Qu'importe. Michel Houellebecq est bien davantage que le polémiste apathique, le misanthrope cynique ou le moraliste réactionnaire que certains prétendent avoir démasqué dans ses écrits. Houellebecq est un véritable écrivain.

Il est aussi l'un des principaux personnages de La carte et le territoire, son cinquième roman, le plus abouti de l'avis général de la critique depuis Les particules élémentaires. Un personnage assassiné sauvagement, littéralement taillé en pièces, aux deux tiers du récit. Une mort atroce que l'auteur semble avoir imaginée avec un malin plaisir, comme du reste cette mise en abîme déroutante en forme de pied de nez à ses nombreux détracteurs.

Qui est l'énigmatique Michel Houellebecq, vivant reclus en Irlande (afin de ne pas payer d'impôts), si souverainement détesté par une partie de l'intelligentsia française? La carte et le territoire, roman d'anticipation à la fois classique dans sa forme et sournoisement tordu dans son propos, ne fait que brouiller davantage le portrait, tellement l'auteur se joue de l'image qu'il projette avec un humour noir irrésistible.

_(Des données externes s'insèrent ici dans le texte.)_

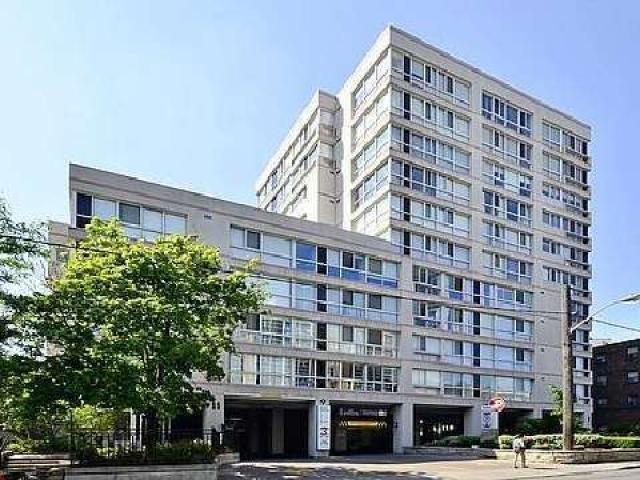 TH 2 - 11 Broadway Ave
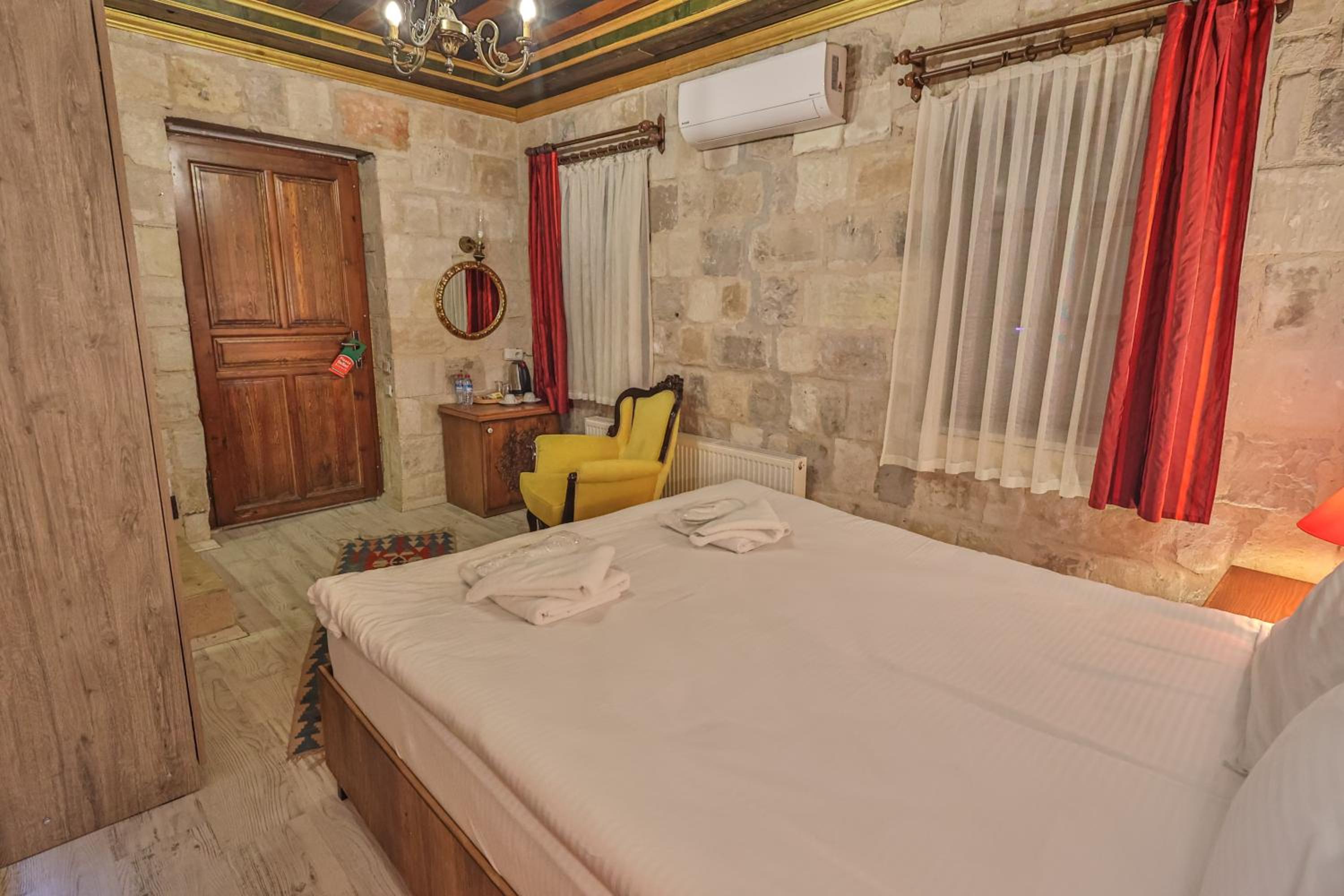 Bedrock Cave Hotel - Image 32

«De notoriété publique, Houellebecq était un solitaire à fortes tendances misanthropiques, c'est à peine s'il adressait la parole à son public», écrit l'écrivain à propos de lui-même. Il n'hésite pas à se mettre en scène dans les situations les plus sordides, avec une décapante autodérision, tablant sur les a priori qui ont fait sa réputation sulfureuse.

Après le meurtre de l'auteur, l'enquête policière piétine, puisqu'il est de notoriété publique que «Houellebecq avait beaucoup d'ennemis». Le narrateur précise, au sujet de l'un des enquêteurs faisant le bilan de ses recherches sur l'écrivain: «Au total, il avait rarement vu quelqu'un ayant une vie aussi chiante.»

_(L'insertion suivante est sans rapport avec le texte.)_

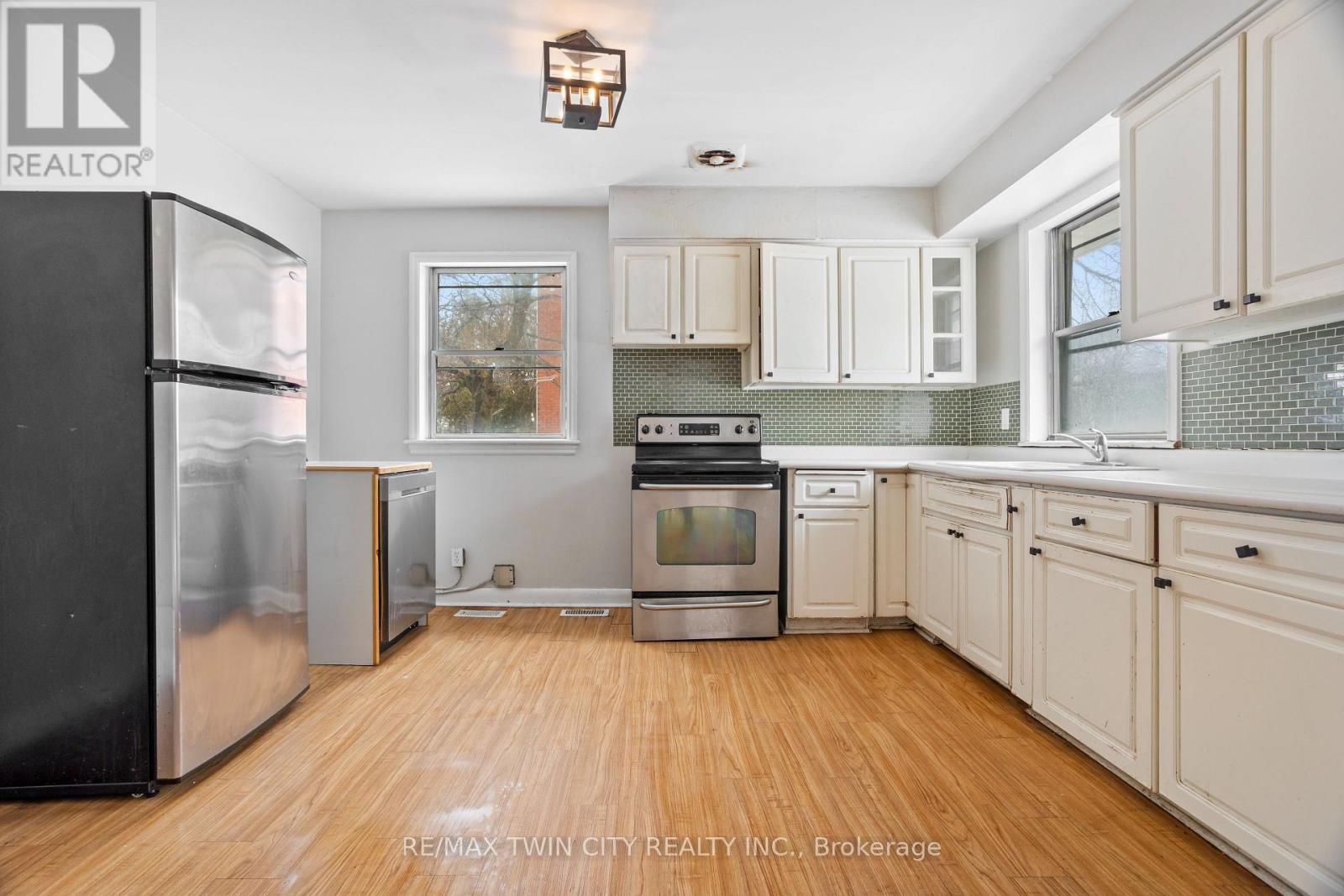 261 Water Street, Guelph, Ontario  N1G 1B6 - Photo 13 - X12840678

Aussi, lorsque l'ordinateur de Houellebecq, le personnage, est saisi après sa mort, deux policiers s'étonnent de la complexité de la protection de ses fichiers informatiques. «C'était un écrivain, dit le premier. Il voulait peut-être protéger ses textes, empêcher qu'on les pirate.» Le second, peu convaincu: «Ça fait plutôt penser à un type qui échange des vidéos pédophiles, ce niveau de protection.» Et le premier de conclure: «Ce n'est pas incompatible.»

Houellebecq pousse l'audace jusqu'à faire de son propre meurtre le pivot de son roman (on sent qu'il se délecte de la description de ses funérailles). Mais c'est Jed Martin, jeune peintre devenu riche par l'absurde logique spéculative du marché de l'art, qui sert de double à l'écrivain pour l'essentiel du récit. Un artiste indolent, misanthrope, au regard cynique...

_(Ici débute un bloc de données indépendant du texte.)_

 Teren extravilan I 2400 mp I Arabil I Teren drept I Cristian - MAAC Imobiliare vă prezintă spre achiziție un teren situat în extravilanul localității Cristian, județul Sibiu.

Les rapports houleux entretenus par Houellebecq avec l'ensemble de la presse française (à l'exception notable des Inrockuptibles, à ses débuts) sont prétexte à d'autres tirades particulièrement comiques. «Vous savez, dit Houellebecq à Jed Martin, ce sont les journalistes qui m'ont fait la réputation d'un ivrogne; ce qui est curieux, c'est qu'aucun d'entre eux n'ait jamais réalisé que si je buvais beaucoup en leur présence, c'était uniquement pour parvenir à les supporter.»

Le personnage ajoute: «Comment est-ce que vous voudriez rencontrer quelqu'un qui travaille pour Marianne ou Le Parisien libéré sans être pris d'une envie de dégueuler immédiate? La presse est quand même d'une stupidité et d'un conformisme insupportables, vous ne trouvez pas?»

Réplique typiquement houellebecquienne. Il est ironique, dans les circonstances, de voir les médias français porter aux nues, comme jamais auparavant et de manière quasi unanime, le roman le plus «rassembleur» de l'auteur de Plateforme.

La carte et le territoire fait partie des 14 livres présélectionnés par le jury du prix Goncourt, comme l'avait été La possibilité d'une île, en 2005. Il y a cinq ans, à la faveur d'un emballement promotionnel monstre, on donnait déjà Houellebecq vainqueur du Goncourt avant même la publication de son roman, pourtant loin d'être son meilleur.

La carte et le territoire, publié de façon plus discrète par Flammarion, sans controverse (à l'exception d'une vague histoire «d'emprunt» chez Wikipédia), suscite déjà les avis partagés en prévision de la plus prestigieuse des récompenses littéraires françaises: Pivot et Sollers sont pour; Ben Jelloun et Assouline, contre. Le livre est un événement. Houellebecq, on présume, doit s'en amuser follement. Ou pas.